In [1]:
# Import necessary libraries
import pandas as pd
import numpy as np

from sklearn.preprocessing import StandardScaler, OneHotEncoder

In [2]:
# Load the JSONL data into a pandas DataFrame
train_data = pd.read_json('Data/train.jsonl', lines=True)
dev_data = pd.read_json('Data/dev.jsonl', lines=True)
test_data = pd.read_json('Data/test.jsonl', lines=True)

print(f"Train data shape: {train_data.shape}")
print(f"Dev data shape: {dev_data.shape}")
print(f"Test data shape: {test_data.shape}")

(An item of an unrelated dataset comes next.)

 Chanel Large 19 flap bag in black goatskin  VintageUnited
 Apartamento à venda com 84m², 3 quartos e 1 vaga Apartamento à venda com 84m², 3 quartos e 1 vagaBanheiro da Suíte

# Concatenate the datasets into one single DataFrame
full_data = pd.concat([train_data, dev_data, test_data], ignore_index=True)

# Load the embeddings from the .npy file
train_embeddings = np.load('Data/sembed/train.npy')
dev_embeddings = np.load('Data/sembed/dev.npy')
test_embeddings = np.load('Data/sembed/test.npy')

# Concatenate the embeddings into one NumPy array
full_embeddings = np.vstack([train_embeddings, dev_embeddings, test_embeddings])

# Add the concatenated embeddings to the full dataset
full_data['conversation_embeddings'] = list(full_embeddings)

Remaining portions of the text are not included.